> _Data extract_
***
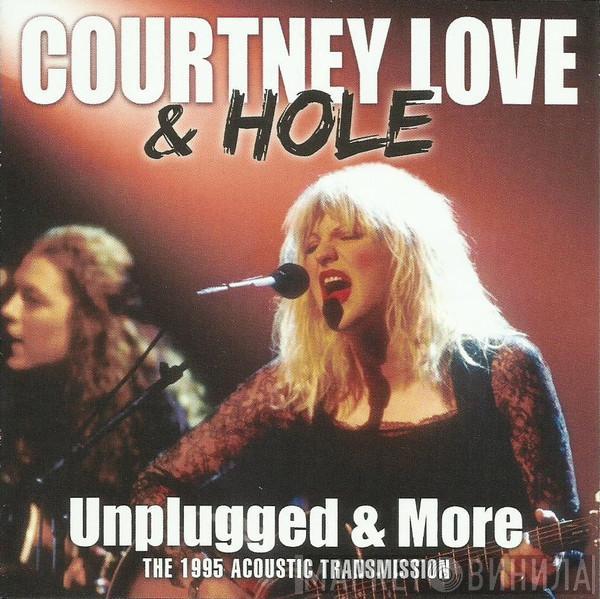 & Courtney Love  Hole   - Unplugged & More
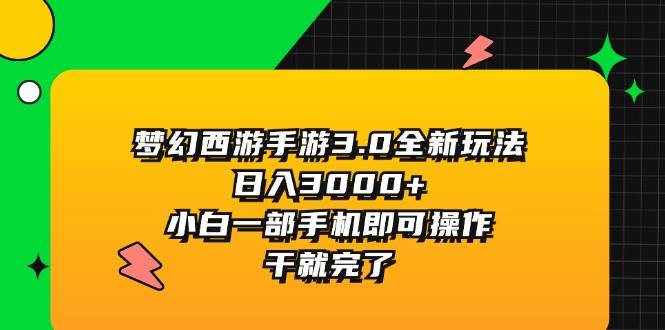 梦幻西游手游3.0全新玩法，日入3000+，小白一部手机即可操作，干就完了-伊恩资源网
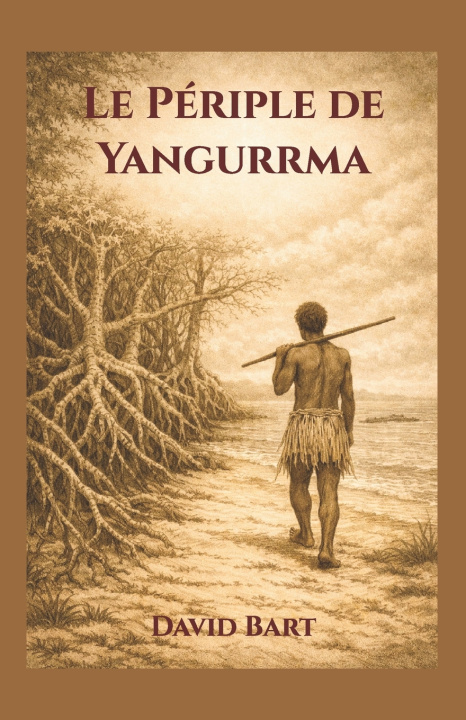 Knjiga Le Périple de Yangurrma David Bart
***
> _Exercise brief_
Would it be possible to give the material above again exactly, with the pictures left out?

> _Solution below_
 & Courtney Love  Hole   - Unplugged & More
 梦幻西游手游3.0全新玩法，日入3000+，小白一部手机即可操作，干就完了-伊恩资源网
 Knjiga Le Périple de Yangurrma David Bart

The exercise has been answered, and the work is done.